RECORDED INFORMATION Start Marker

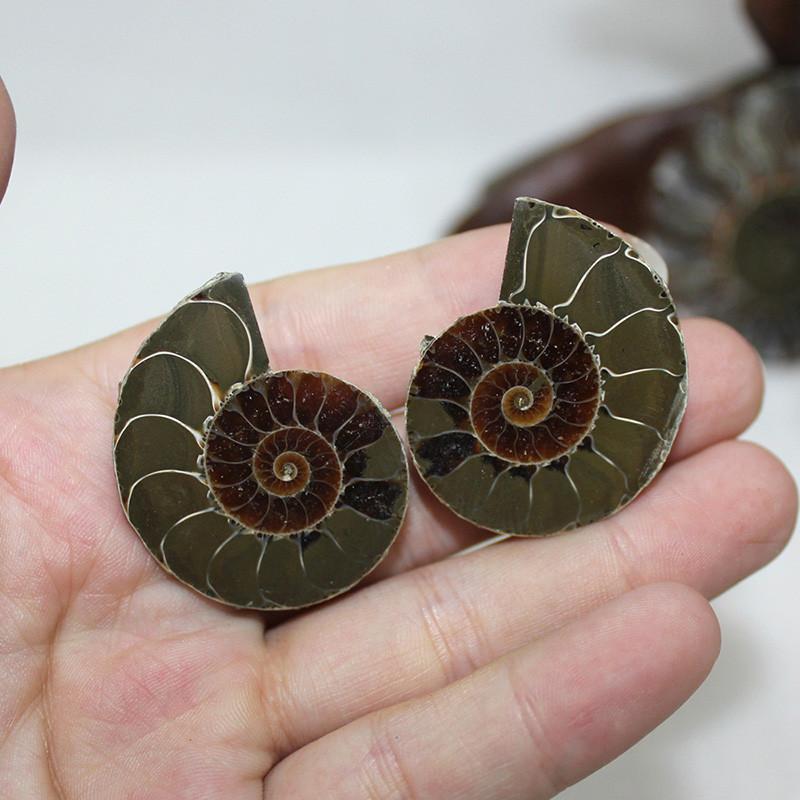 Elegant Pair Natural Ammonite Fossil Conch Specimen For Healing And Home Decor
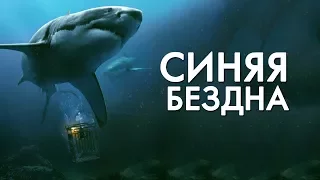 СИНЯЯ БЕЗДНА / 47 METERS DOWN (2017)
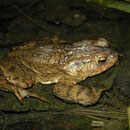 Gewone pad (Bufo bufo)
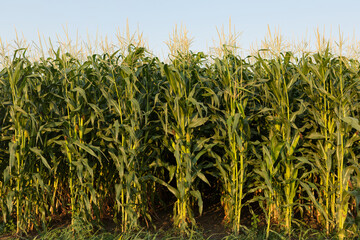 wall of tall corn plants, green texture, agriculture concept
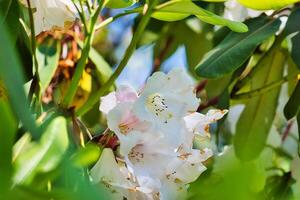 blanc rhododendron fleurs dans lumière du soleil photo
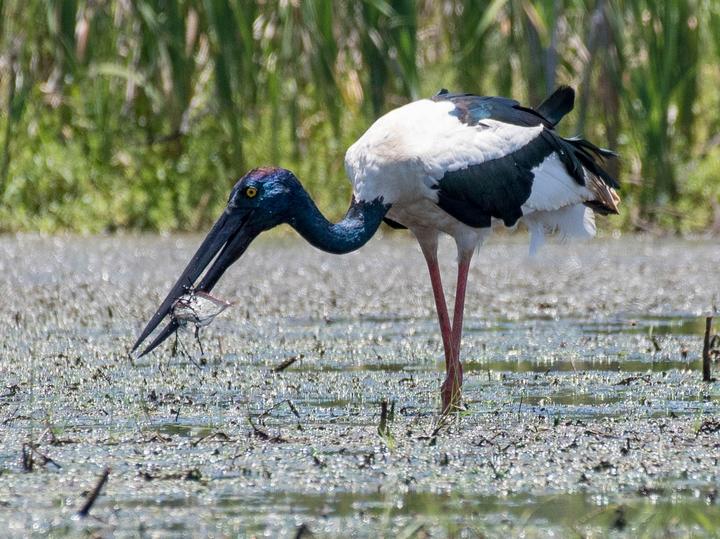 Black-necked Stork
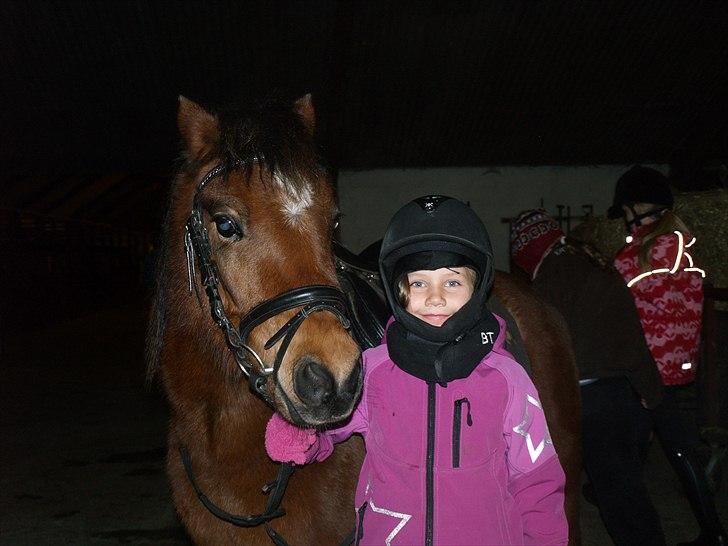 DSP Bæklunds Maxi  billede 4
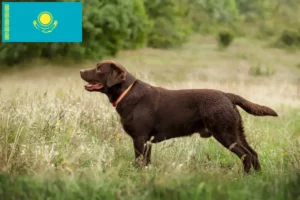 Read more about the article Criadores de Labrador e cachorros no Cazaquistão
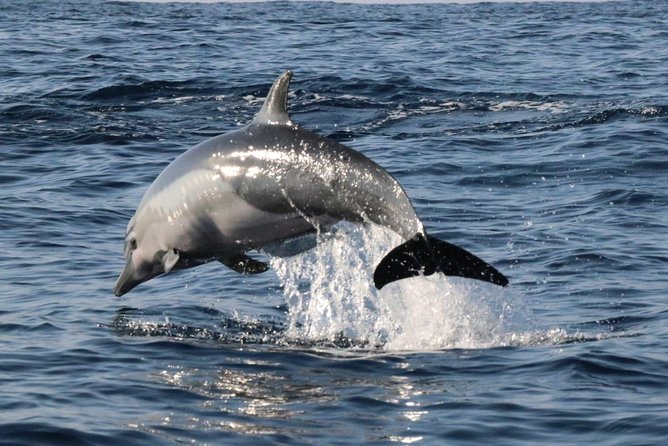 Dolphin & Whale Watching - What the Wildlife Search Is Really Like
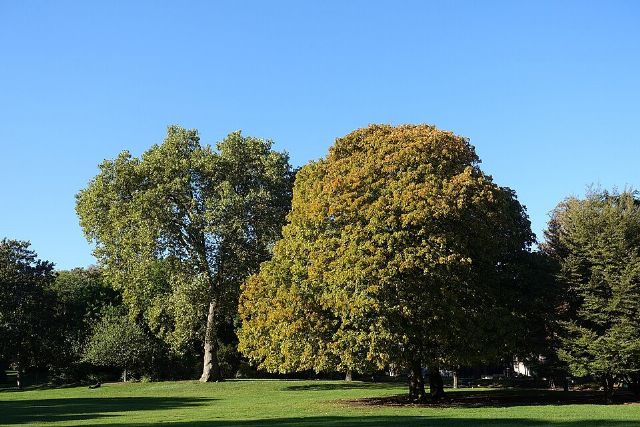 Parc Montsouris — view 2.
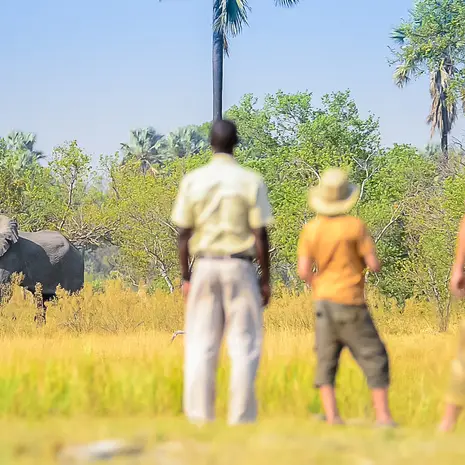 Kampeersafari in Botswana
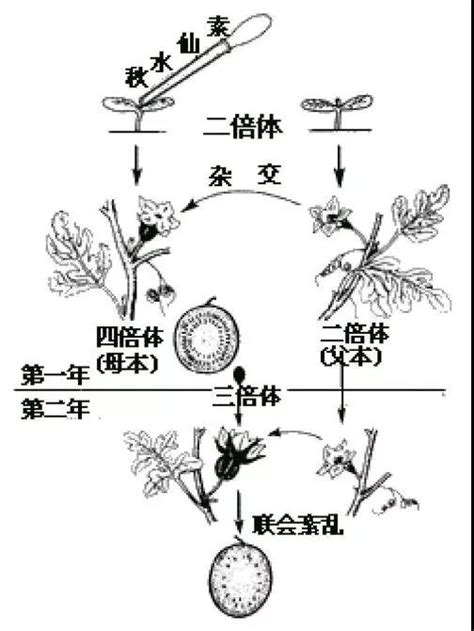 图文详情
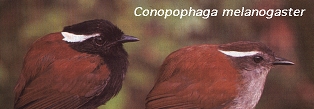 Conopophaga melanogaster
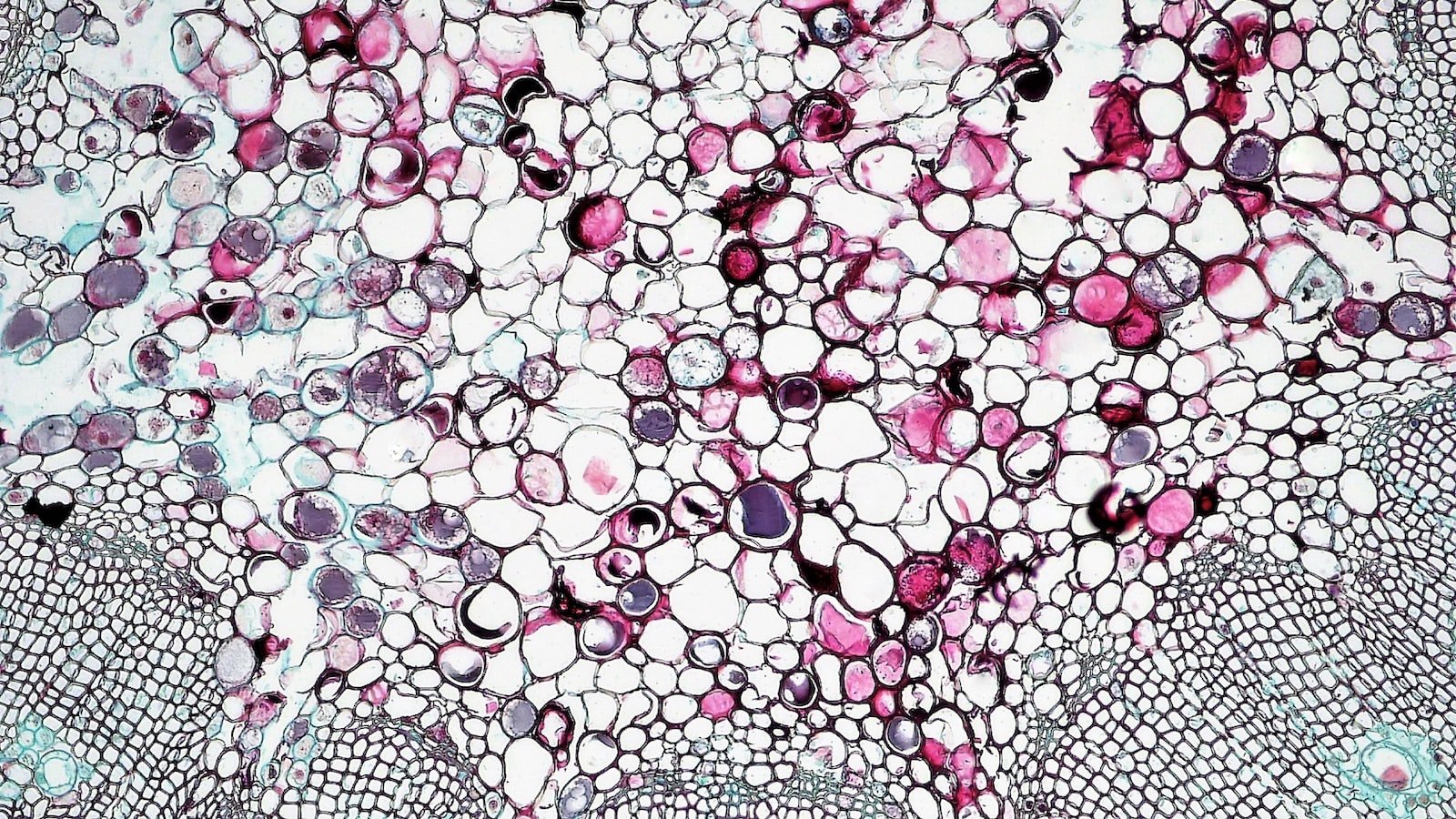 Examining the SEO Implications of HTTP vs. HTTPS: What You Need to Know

RECORDED INFORMATION End Marker

= EXERCISE =
Write out exactly, please, the lines that start at the one containing "Read more about" and run through the final line of the entries, both included, leaving pictures out.

= PROBLEM SOLUTION =
 Read more about the article Criadores de Labrador e cachorros no Cazaquistão
 Dolphin & Whale Watching - What the Wildlife Search Is Really Like
 Parc Montsouris — view 2.
 Kampeersafari in Botswana
 图文详情
 Conopophaga melanogaster
 Examining the SEO Implications of HTTP vs. HTTPS: What You Need to Know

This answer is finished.